MGM Resorts has a full-time development team in Japan and for the past four years has been engaged in discussions in Japan’s cultural and business communities.

Wynn Resorts CEO Matt Maddox used the Japanese term of “omotenashi” in a statement to describe the country’s “unique culture of customer-focused hospitality.”

Maddox added, “This important Japanese tradition of creating a unique guest experience makes it clear to us that Japan will develop extraordinary integrated resorts that are not found in any other country.”

Las Vegas Sands Chairman Sheldon Adelson has said he would pay $10 billion toward creating a Japan integrated resort operation.

Las Vegas Sands – one of the largest casino operators in Macau – wants to locate its property in an urban area such as Tokyo, Osaka or the port city of Yokohama. George Tanasijevich, the company’s managing director of global development, told The Wall Street Journal a project in one of those markets would fit better with the company’s conventions-focused business model.

In a statement Friday, Tanasijevich said in the bill allows Japan to build “world-class entertainment and top-level (meetings, incentives, conferences and exhibitions)” opportunities.

“These offerings will attract more visitors from overseas, offer many opportunities for the local people, and lead to sustainable development of the Japanese economy, culture and society,” Tanasijevich said. “Given the opportunity to participate, Las Vegas Sands is confident that we can make a significant contribution together with the Japanese people.”

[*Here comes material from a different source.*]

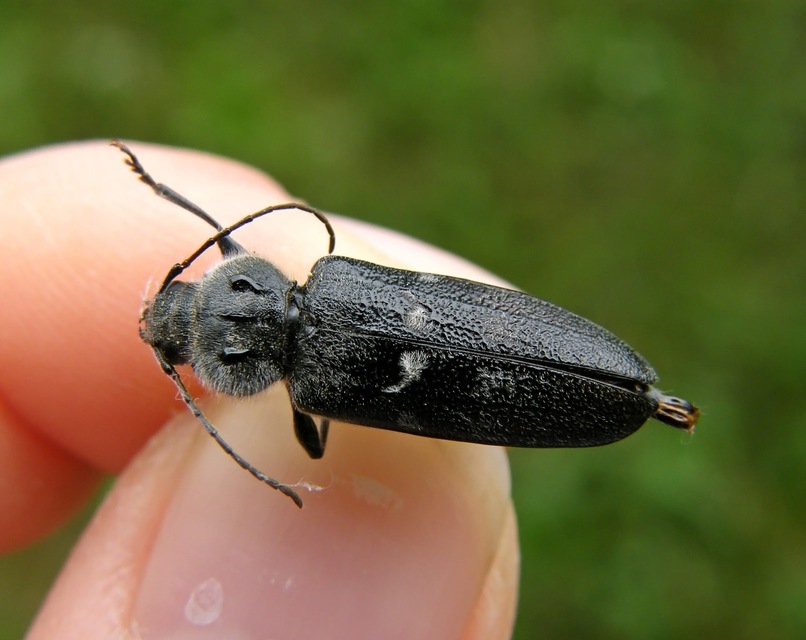 Hylotrupes bajulus - házicincér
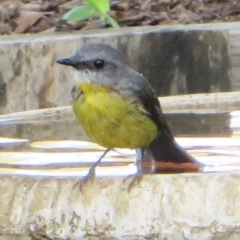 Eopsaltria australis (Eastern Yellow Robin) at Bermagui, NSW - 9 Mar 2015 by robndane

The Japan legislation allows construction of three casino resorts but delays the decision on the specific locations. Analysts don’t expect the casinos to open until the mid-2020s.

The American Gaming Association offered advice to Japanese lawmakers and business leaders over the years about implementing casinos in the country. AGA CEO Geoff Freeman said Friday the casino industry wants to help Japan achieve its economic goals and to offer assistance in building a regulatory system.

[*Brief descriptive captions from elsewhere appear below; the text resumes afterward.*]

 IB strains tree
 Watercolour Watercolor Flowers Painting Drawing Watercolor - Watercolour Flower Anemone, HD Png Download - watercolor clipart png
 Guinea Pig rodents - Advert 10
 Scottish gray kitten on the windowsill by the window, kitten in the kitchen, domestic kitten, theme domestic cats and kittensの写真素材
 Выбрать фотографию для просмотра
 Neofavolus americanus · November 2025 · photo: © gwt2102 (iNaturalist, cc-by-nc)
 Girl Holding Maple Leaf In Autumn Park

“Today, Japan took a giant step toward strengthening its economy, attracting international travelers and implementing stringent gaming regulation that protects consumers and eliminates criminal activity,” Freeman said in a statement.

The resorts would also feature hotels, restaurants, shopping malls and theaters. According to The Wall Street Journal, Daiwa Institute of Research estimated that investment in the three casinos, if the locations included Japan’s two biggest urban areas, could approach $50 billion. Visitors could spend nearly $20 billion each year on entertainment, retail and lodging at the resorts once they open, Daiwa estimated.

Japan originally believed taxes associated with casino development would help the country pay for billions of dollars in infrastructure improvement needs associated with Tokyo hosting the 2020 Summer Olympic Games.

The Japanese casino bill was added to a law on casino promotion that passed in 2016. The enactment of the “integrated resorts” law means casinos can operate at resorts that include hotels, conference rooms and shopping malls.

Supporters say casinos can attract more and wealthier tourists. Media surveys have showed a majority of Japanese oppose the plan. Projections by experts show casino visitors would be predominantly Japanese, rather than foreign tourists. The law limits local residents to three casino visits per week and 10 per month. Admission will be free for foreigners but a set price for residents in Japan.

The stock market had little reaction to the news from Japan. Shares of MGM Resorts rose 37 cents or 1.20 percent to close at $31.20, while shares of Las Vegas Sands were down 21 cents or 0.28 percent to close at $73.84. Both companies are traded on the New York Stock Exchange.

Wynn Resorts was up 35 cents or 0.21 percent to close at $163.92 while Caesars was up 15 cents or 1.30 percent to close at $11.70. Both companies are listed on the Nasdaq National Market.